◆ DATASET SECTION ◆

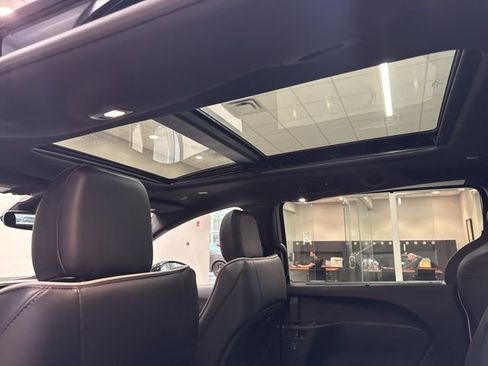 New 2026 Chrysler Pacifica Limited w/ S Appearance Package image 35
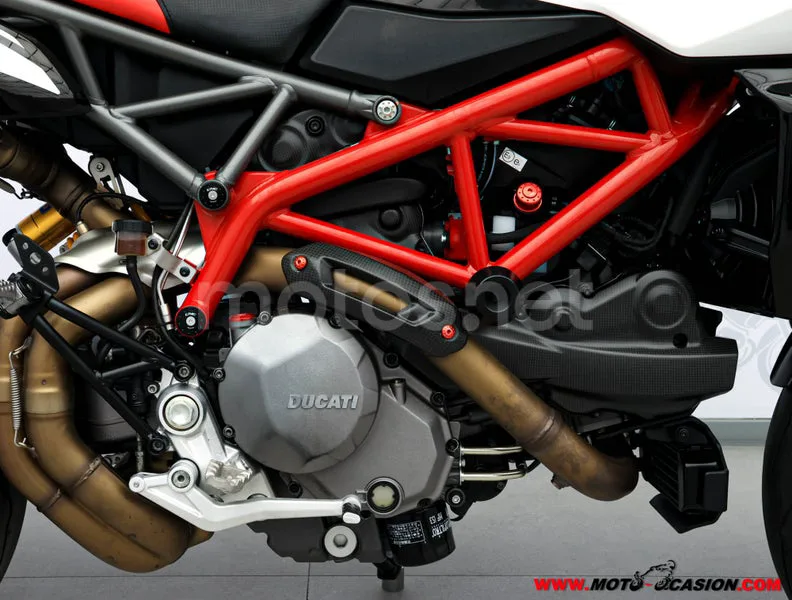 Ducati Hypermotard - Vista 5
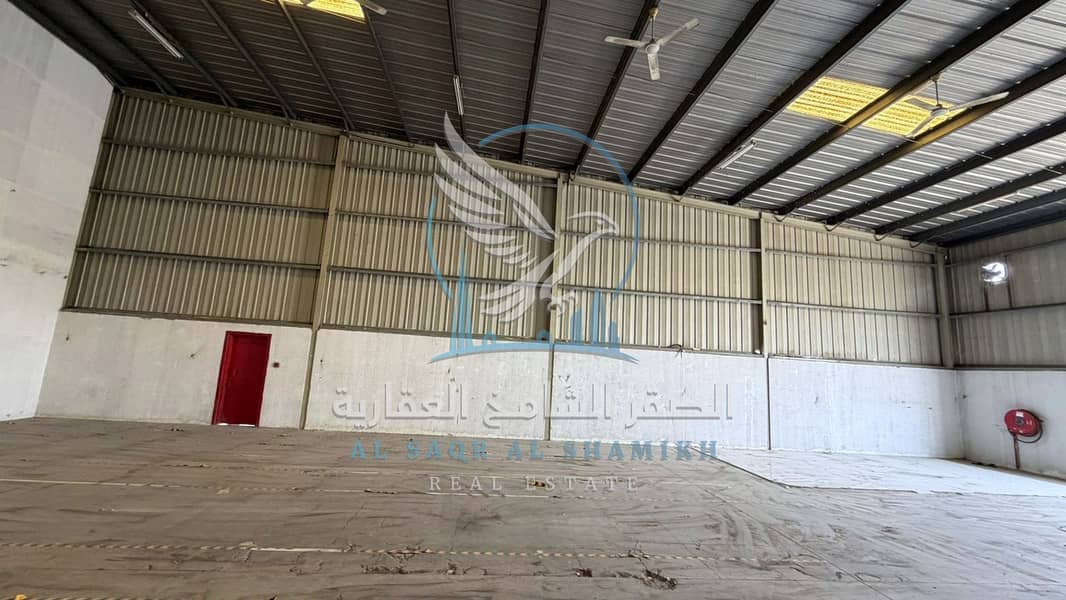 2 مستودع-للا-يجار-2-غرف-الصناعية-15-الشارقة-صورة-العقار-02. jpg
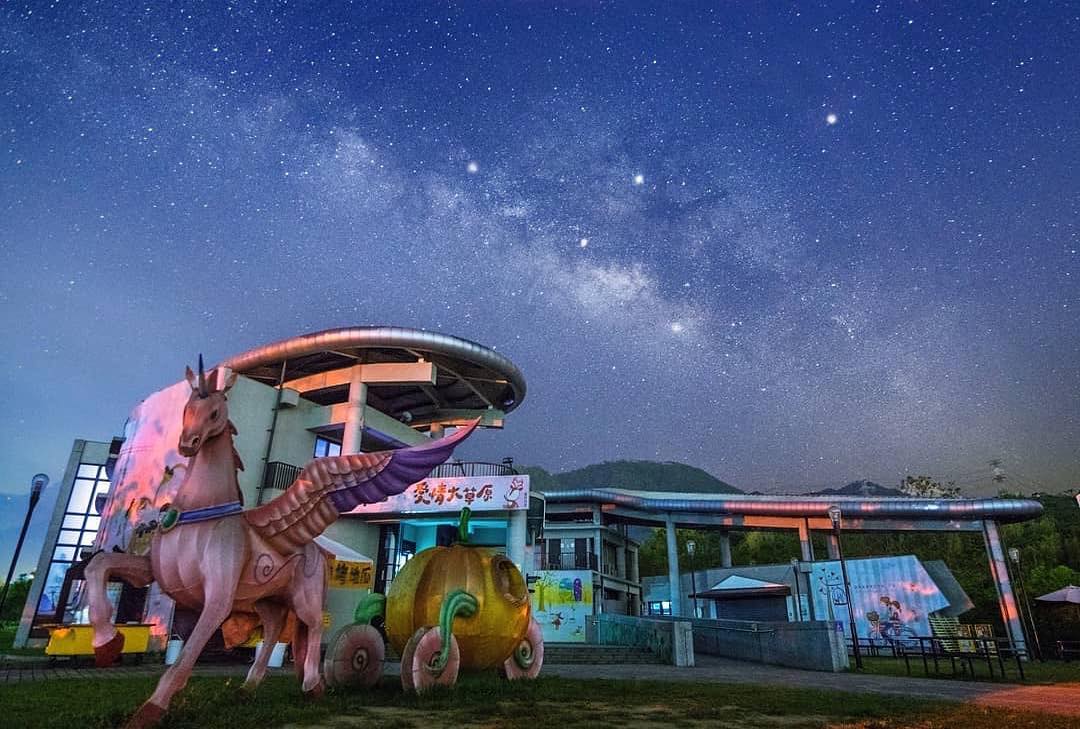 這飛天馬車就像從銀河來的12點一過立刻變回南瓜馬車- ⠀⠀⠀⠀⠀⠀⠀⠀⠀⠀⠀⠀感謝 @huangyuqiao1221 分享的美照❤...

◆ REQUIRED WORK ◆
The whole listing above, minus its pictures, is what you should write out word for word.

◆ ANSWER TO THE PROBLEM ◆
 New 2026 Chrysler Pacifica Limited w/ S Appearance Package image 35
 Ducati Hypermotard - Vista 5
 2 مستودع-للا-يجار-2-غرف-الصناعية-15-الشارقة-صورة-العقار-02. jpg
 這飛天馬車就像從銀河來的12點一過立刻變回南瓜馬車- ⠀⠀⠀⠀⠀⠀⠀⠀⠀⠀⠀⠀感謝 @huangyuqiao1221 分享的美照❤...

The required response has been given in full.